首先从编译后的头文件中得到 classlist, 并对其遍历. 拿到一个类的地址cls,此时这个cls是从地址段中读取到的, 暂时无法知道这个类是什么. 接着对这个cls进行一次处理得到一个新的类newCls.

进入 readClass() :

Class replacing = nil;
if (Class newCls = popFutureNamedClass(mangledName)) {
    // This name was previously allocated as a future class.
    // Copy objc_class to future class's struct.
    // Preserve future's rw data block.
    
    if (newCls->isAnySwift()) {
        _objc_fatal("Can't complete future class request for '%s' "
                    "because the real class is too big.", 
                    cls->nameForLogging());
    }
    
    class_rw_t *rw = newCls->data();
    const class_ro_t *old_ro = rw->ro;
    memcpy(newCls, cls, sizeof(objc_class));
    rw->ro = (class_ro_t *)newCls->data();
    newCls->setData(rw);
    freeIfMutable((char *)old_ro->name);
    free((void *)old_ro);
    
    addRemappedClass(cls, newCls);
    
    replacing = cls;
    cls = newCls;
}

在readClass()里面有一个判断处理, 在里面又对ro rw进行了处理, 但是通过断点调试发现程序运行完毕都并不会走到这个判断处理里面.通过注释得知只有将来要处理的类才会进入.

而在后面有两行代码:

addNamedClass(cls, mangledName, replacing);
addClassTableEntry(cls);

这也就是将这个类插入到 gdb_objc_realized_classes总表 和 allocatedClasses分表 中.

接着遍历往下, 判断cls 是否与 处理后的newCls 是同一个类. 在readClass()中我们得知, 正常情况下, newCls并没有对cls进行任何处理, 所以这个判断处理并不会执行. 并且在下文中的 //Realize newly-resolved future classes 处, 也会因为正常情况下不会触发.

3.2、类的加载

紧接着上文往下. 有一个 if (!noClassesRemapped()), 可以得知此判断主要是修复重映射, 特殊情况才进入. 继续向下:

{
    mutex_locker_t lock(selLock);
    for (EACH_HEADER) {
        if (hi->isPreoptimized()) continue;
        
        bool isBundle = hi->isBundle();
        SEL *sels = _getObjc2SelectorRefs(hi, &count);
        UnfixedSelectors += count;
        for (i = 0; i < count; i++) {
            const char *name = sel_cname(sels[i]);
            sels[i] = sel_registerNameNoLock(name, isBundle);
        }
    }
}

进入 _getObjc2SelectorRefs:

GETSECT(_getObjc2SelectorRefs,        SEL,             "__objc_selrefs"); 

主要是从当前的macho中 __objc_selrefs 段里去读区SEL.读区到SEL后就进入sel_registerNameNoLock(name, isBundle) 把当前的SEL名字注册到内存里面去. 紧接着几个**for (EACH_HEADER)**都是修复一些东西, 特殊情况,跳过.

来到类相关的地方:

    // Realize non-lazy classes (for +load methods and static instances)
    for (EACH_HEADER) {
        ...
        addClassTableEntry(cls);
        ...
        realizeClassWithoutSwift(cls);
    }

从映射文件中读取类cls, 做一些初始化相关处理, 来到addClassTableEntry(cls), 把将类添加到表中.继续向下来到**realizeClassWithoutSwift(cls)**里面:

...
// Normal class.
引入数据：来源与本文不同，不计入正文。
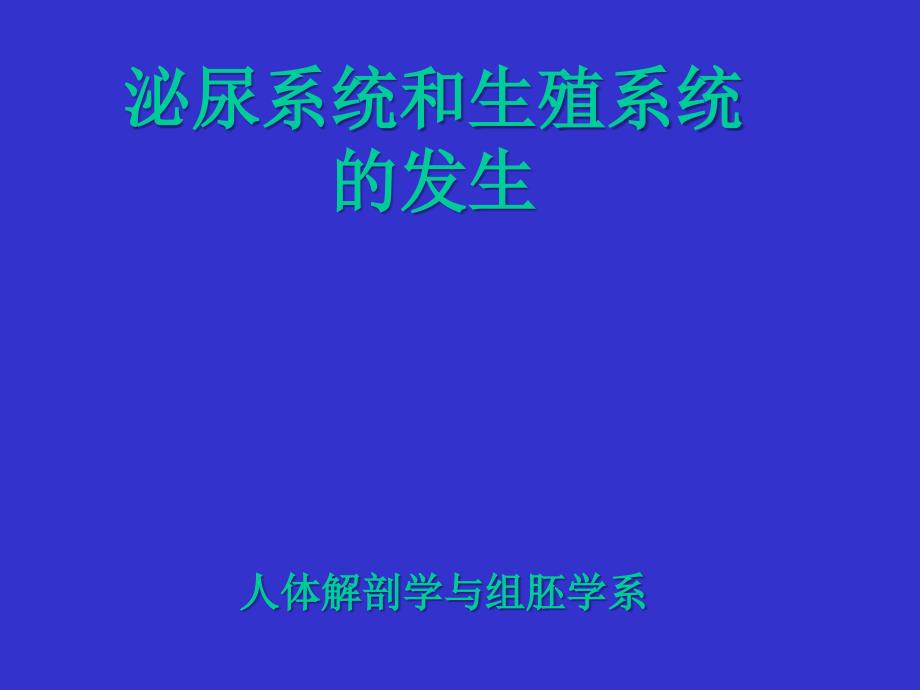 组织学与胚胎学课件：CH24 泌尿系统和生殖系统的发生_第1页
Allocate writeable class data.
rw = (class_rw_t *)calloc(sizeof(class_rw_t), 1);
rw->ro = ro;
rw->flags = RW_REALIZED|RW_REALIZING;
cls->setData(rw);
...

拿到ro后, 进入判断, 来到正常的类的处理, 开辟一个rw的空间, 将ro放进去, 并且给类设置好data. 但是此时还没有将rw进行处理, 仅仅做了一步初始化. 继续向下:

// Realize superclass and metaclass, if they aren't already.
// This needs to be done after RW_REALIZED is set above, for root classes.
// This needs to be done after class index is chosen, for root metaclasses.
// This assumes that none of those classes have Swift contents,
//   or that Swift's initializers have already been called.
//   fixme that assumption will be wrong if we add support
//   for ObjC subclasses of Swift classes.
supercls = realizeClassWithoutSwift(remapClass(cls->superclass));
metacls = realizeClassWithoutSwift(remapClass(cls->ISA()));
...
// Update superclass and metaclass in case of remapping
cls->superclass = supercls;
cls->initClassIsa(metacls);
...
if (supercls) {
    addSubclass(supercls, cls);
} else {
    addRootClass(cls);
}

我们知道类的结构是 isa、superclass、cache_t、bits. 所以当处理这个类的时候, 也要递归一下将父类以及元类也进行相同的处理, 并给当前类设置好元类与父类. 来到最下面的 **methodizeClass(cls)**方法:

    bool isMeta = cls->isMetaClass();
    auto rw = cls->data();
    auto ro = rw->ro;

    // Methodizing for the first time
    if (PrintConnecting) {
        _objc_inform("CLASS: methodizing class '%s' %s", 
                     cls->nameForLogging(), isMeta ? "(meta)" : "");
    }

    // Install methods and properties that the class implements itself.
    method_list_t *list = ro->baseMethods();
    if (list) {
        prepareMethodLists(cls, &list, 1, YES, isBundleClass(cls));
        rw->methods.attachLists(&list, 1);
    }

    property_list_t *proplist = ro->baseProperties;
    if (proplist) {
        rw->properties.attachLists(&proplist, 1);
    }

    protocol_list_t *protolist = ro->baseProtocols;
    if (protolist) {
        rw->protocols.attachLists(&protolist, 1);
    }

从类中拿到ro、rw. 从ro中拿到方法列表, 属性列表, 协议列表, 拷贝进rw里面. 这就是在类的结构中 为什么rw中会有ro的东西. ro就相当于最初版本, 我们一些动态添加处理等全是在对rw进行处理, 要保证ro的不可污染.